42 In reply, Dr Birch submitted that:
(1) There is ample evidence on the basis of which to find that Mr Nazloomian's actions were designed to intimidate and harass the Royals. Mr France's letter of 8 September 2017 to Mr Fernon put squarely that the instigation of the proceedings in the Local Court and District Court was, in the circumstances, an attempt to harass and intimidate the Royals and put them to unnecessary cost. The letter also put squarely that Mr Nazloomian acquired the right to take proceedings against the Royals from EasyChoice's liquidator in order to arm himself with the means to harass the Royals. It is a "black mark" against Mr Nazloomian that he was prepared to lend aid to Mr El Ali to bring actions which Mr El Ali could not have brought himself because of his status as a bankrupt. Mr Nazloomian has nonetheless declined to give evidence and therefore, in light of the accumulation of suspicious circumstances, he has an "uphill task" in inviting the Court to conclude that his reasons for instigating litigation against the Royals were bona fide.
(2) In light of the submissions filed in the District Court proceedings concerning the findings made by the Supreme Court in relation to the reduction of the loan to Mr El Ali of $55,000 arising from the transfer of the Mercedes Benz car to Mr Royal, (which was also the subject matter of the Local Court proceedings), it is difficult to see how the Local Court proceedings could have been commenced by mistake.
(3) The Local Court proceedings were discontinued before any application could be made on the basis that they were vexatious.
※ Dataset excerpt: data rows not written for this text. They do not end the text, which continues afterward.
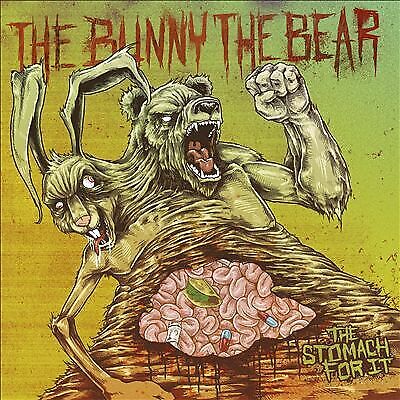 The Bunny The Bear : The Stomach for It CD (2012)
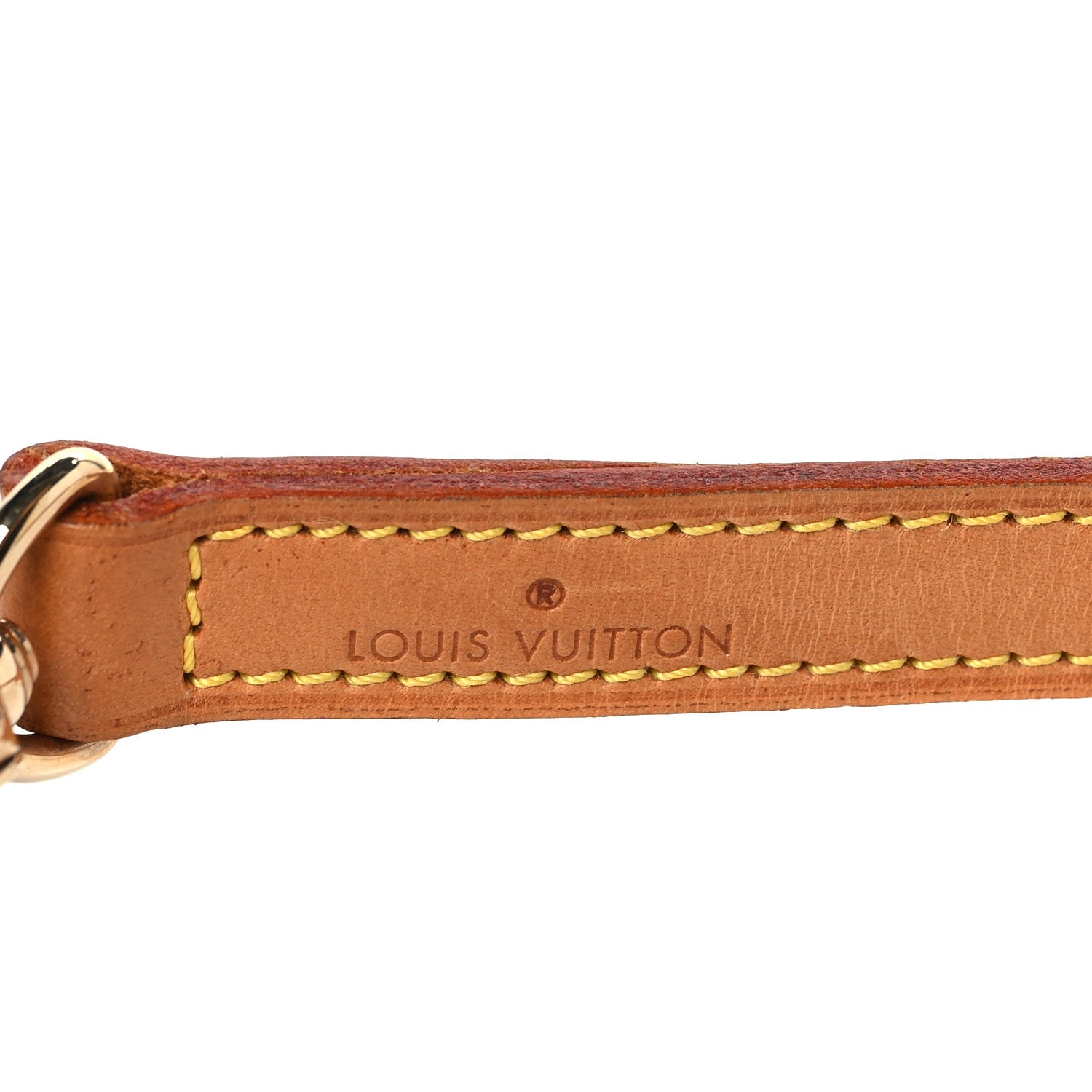 Louis Vuitton Vachetta 16mm Long Shoulder Strap 4 of 5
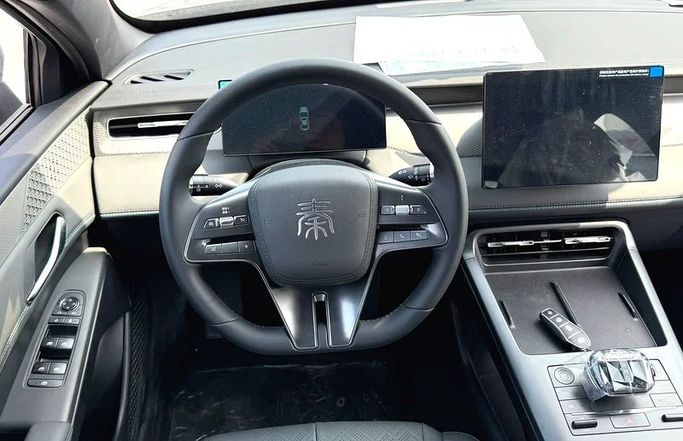 New BYD Qin DM-i III, 1.5 l, 2025 in Dubai by Valcor Auto, Grey color. Chinese Specs | AUTO.AE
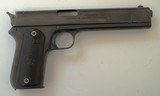COLT MODEL 1900 AUTOMATIC PISTOL WITH SIGHT SAFETY & ARCHIVE PAPER - 4 of 9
43 Mr Fernon responded that the Supreme Court did not, in making its orders, specify how the judgment sum was calculated. Accordingly, despite the language employed in the Supreme Court's reasons that it would be necessary to give credit for $55,000 in respect of the transfer of the Mercedes Benz car in October 2004, it was not clear that the Court had in fact done so and the submissions made in the District Court proceedings did not address that issue.